Reputation: 713
Using SQL databases, it is easy to do statistical / aggregate functions like covariance, standard deviation, kurtosis, skewness, deviations, means and medians, summation and product etc, without taking the data out to an application server. http://www.xarg.org/2012/07/statistical-functions-in-mysql/
How are such computations done effectively (as close as possible to the store, assuming map/reduce "jobs" won't be realtime) on NoSql databases in general and dynamodb(cassandra) in particular, for large datasets.
AWS RDS (MySQL, PostgresSQL, ...) is, well, not NoSQL and Amazon Redshift (ParAccel) - a column store - has a SQL interface and may be an overkill ($6.85/hr).
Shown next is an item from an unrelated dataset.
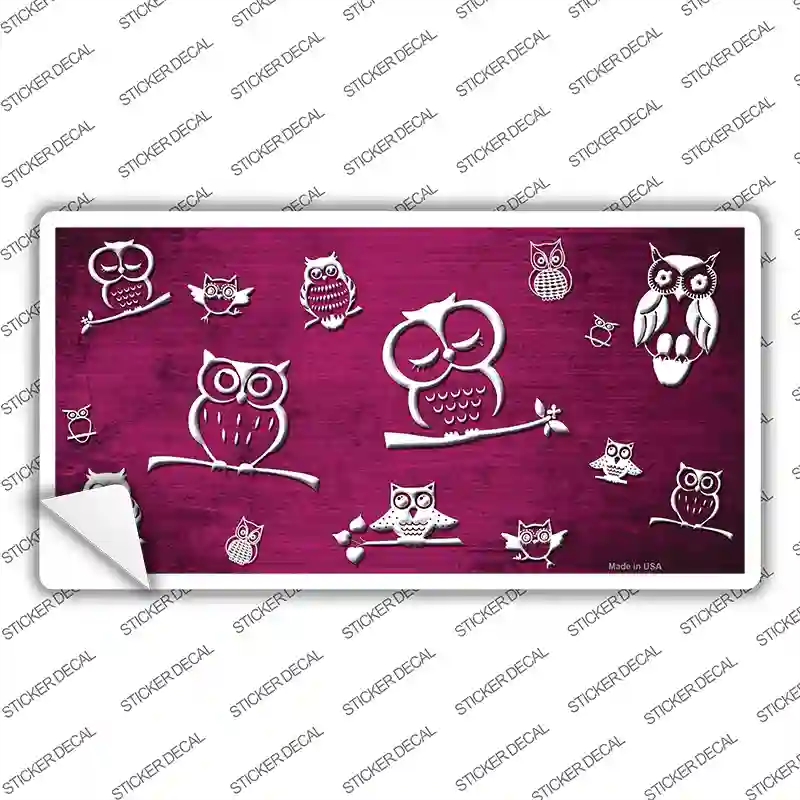 LP-7738s-S Pink White Owl Oil Rubbed Novelty Sticker Decal, Small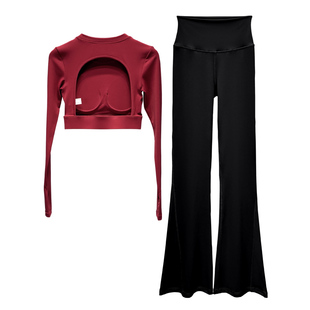 安可拉红色瑜伽服套装2025新款秋冬高级感长袖运动健身上衣喇叭裤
Redshift has limited aggregation functionality (http://docs.aws.amazon.com/redshift/latest/dg/c_Aggregate_Functions.html, http://docs.aws.amazon.com/redshift/latest/dg/c_Window_functions.html)
Upvotes: 1
Views: 1357
Reputation: 10052
MongoDB has some aggregation capabilities that might fit your needs http://docs.mongodb.org/manual/aggregation/
Upvotes: 1
Reputation: 1769
For DB's which have no aggregate functionality (e.g. Cassandra) you are always going to have to pull some data out. Building distributed computation clusters close to your DB is a popular option at the moment (using projects such as Storm). This way you can request and process data in parallel to do your operations. Think of it as a "real time" Hadoop (though it isn't the same).
Implementing such a setup is obviously more complicated than having a system that supports it out of the box, so factor that into your decision. The upside is that, if needed, a cluster allows you to do perform complex custom analysis way beyond anything that will be supported in a traditional DB solution.
Upvotes: 2
Reputation: 29985
Well, in MongoDB you have a possibility to create a some kind of UDF:
db.system.js.save( { _id : "Variance" ,
value : function(key,values)
{
var squared_Diff = 0;
var mean = Avg(key,values);
for(var i = 0; i < values.length; i++)
{
var deviation = values[i] - mean;
squared_Diff += deviation * deviation;
}
var variance = squared_Diff/(values.length);
return variance;
}});
db.system.js.save( { _id : "Standard_Deviation"
, value : function(key,values)
{
var variance = Variance(key,values);
return Math.sqrt(variance);
}});
The description is here.
Upvotes: 1